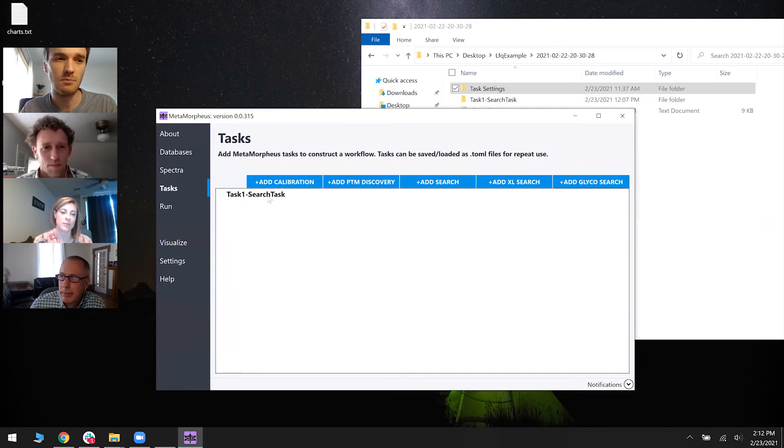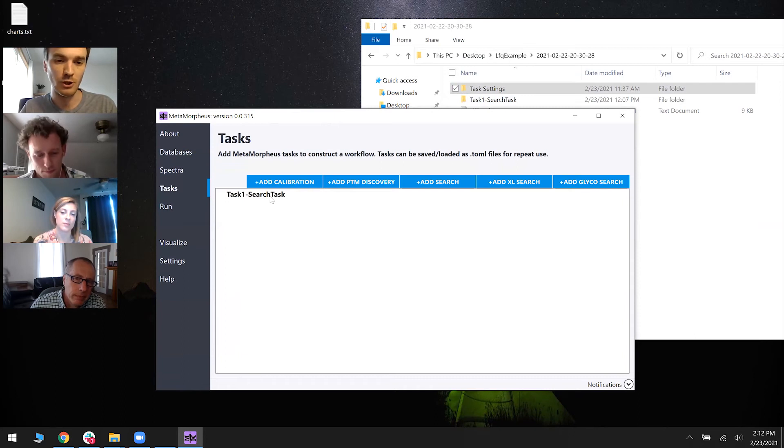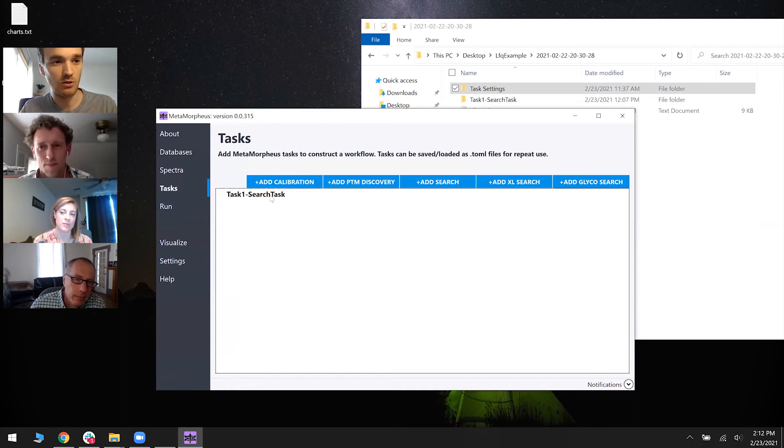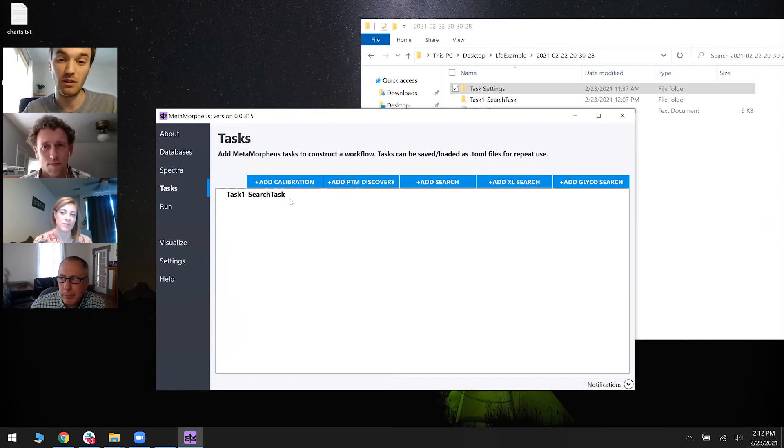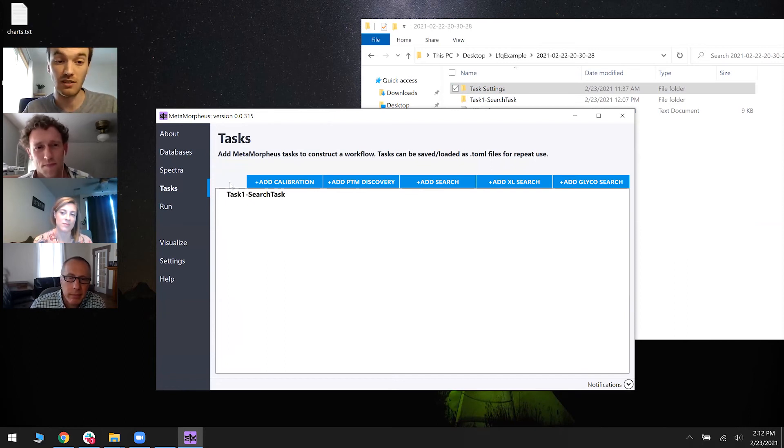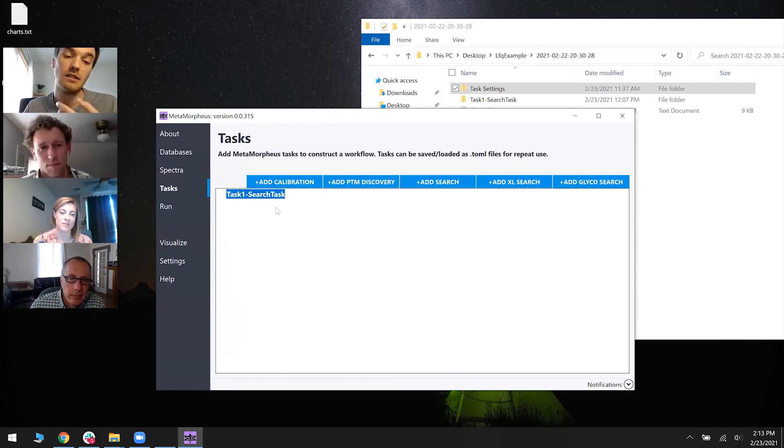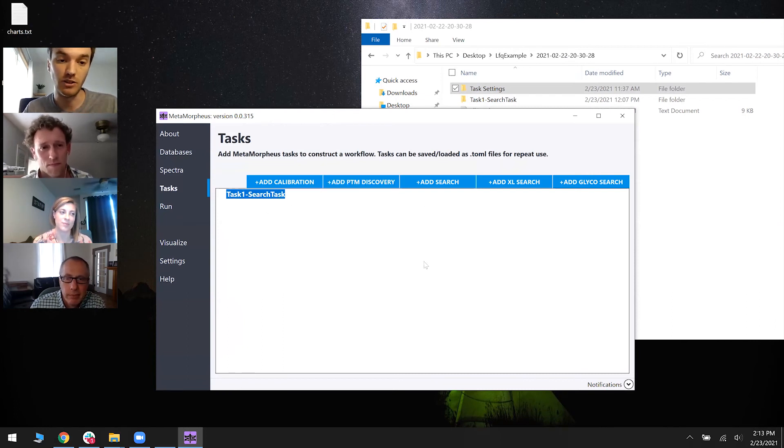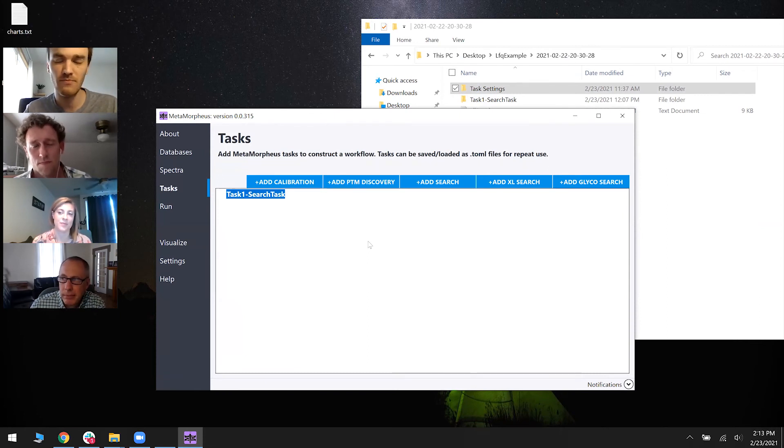So typically, there's also a command line version of MetaMorpheus. I'll show you in a second. You can create TOMLs with the command line. But personally, I would recommend if you have a Windows machine, I would recommend that you create the TOML via GUI and then save as, and then use that TOML in the command line.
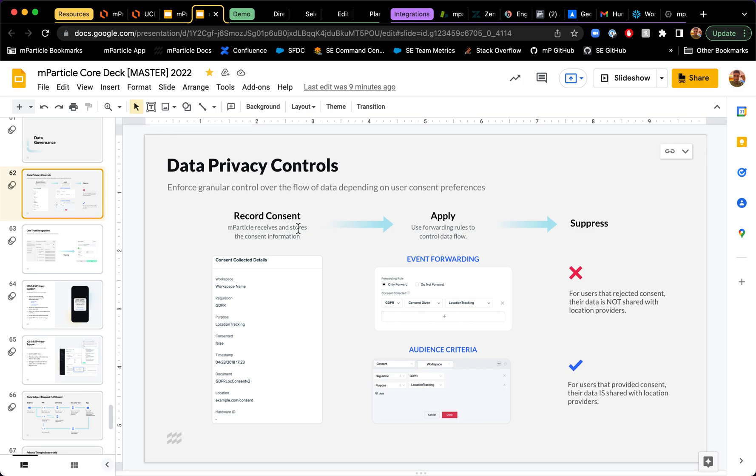And the main thing I will say is that MParticle is able to record consent at the user level and it will look something like this request right here in these details. And then you can apply that consent by using forwarding rules to control data flows.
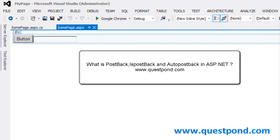In this video we will try to understand what is postback, how to detect a postback, what is the need of auto postback, and in what scenarios we should be using postbacks.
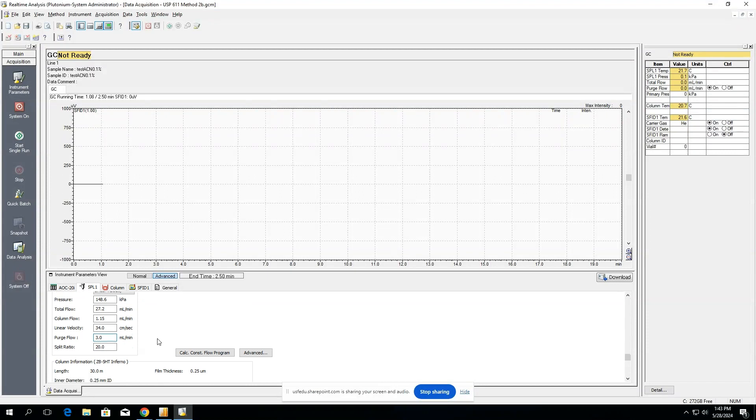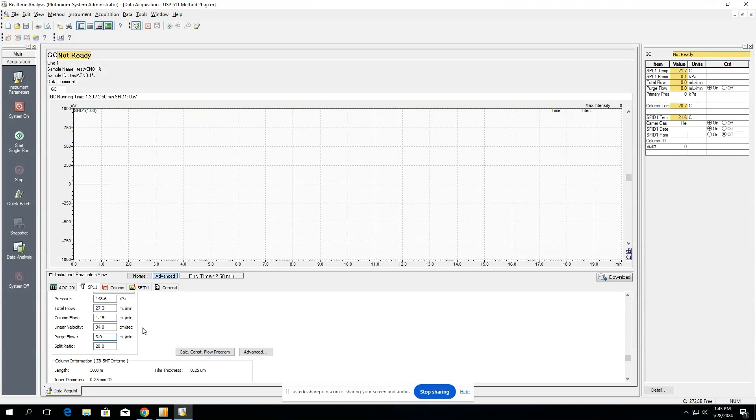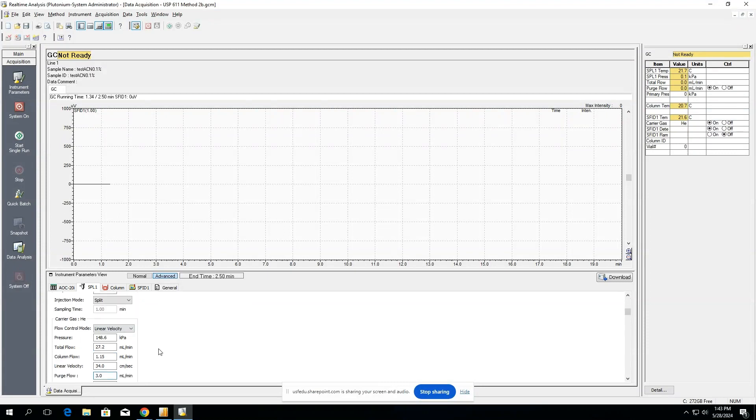You want to make sure that you have your column information installed and this is going to be accurate to the column that you physically have. If it does not match the inner diameter, the film thickness, and the length, you will have issues while running. So make sure all of these parameters match what you're running in your method.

---

> **Work instructions**:
Please, without any pictures, write out exactly the lines of the listing from its first line through the line that holds "And the main", ends included, and nothing beyond them.

> **Response for this exercise**:
So typically, there's also a command line version of MetaMorpheus. I'll show you in a second. You can create TOMLs with the command line. But personally, I would recommend if you have a Windows machine, I would recommend that you create the TOML via GUI and then save as, and then use that TOML in the command line.
And the main thing I will say is that MParticle is able to record consent at the user level and it will look something like this request right here in these details. And then you can apply that consent by using forwarding rules to control data flows.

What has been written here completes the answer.